| Brief |
Retype, word for word, every line of the records below starting at the one that contains "Esta lesión prácticamente" and ending at the one that contains "#Cell #glycogène #foie"; include both of those lines and nothing more.

| Data listing |
*** Begin section ***
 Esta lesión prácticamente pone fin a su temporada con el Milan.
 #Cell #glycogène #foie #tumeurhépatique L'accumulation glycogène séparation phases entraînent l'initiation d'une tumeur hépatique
*** End section ***
*** Begin section ***
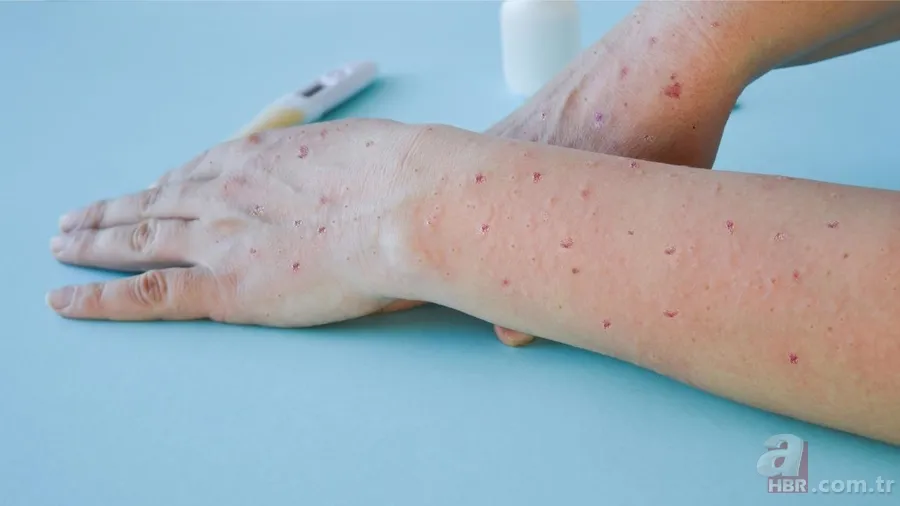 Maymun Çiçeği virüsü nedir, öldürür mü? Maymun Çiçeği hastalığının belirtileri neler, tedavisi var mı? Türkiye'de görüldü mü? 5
*** End section ***
| Task solution |
 Esta lesión prácticamente pone fin a su temporada con el Milan.
 #Cell #glycogène #foie #tumeurhépatique L'accumulation glycogène séparation phases entraînent l'initiation d'une tumeur hépatique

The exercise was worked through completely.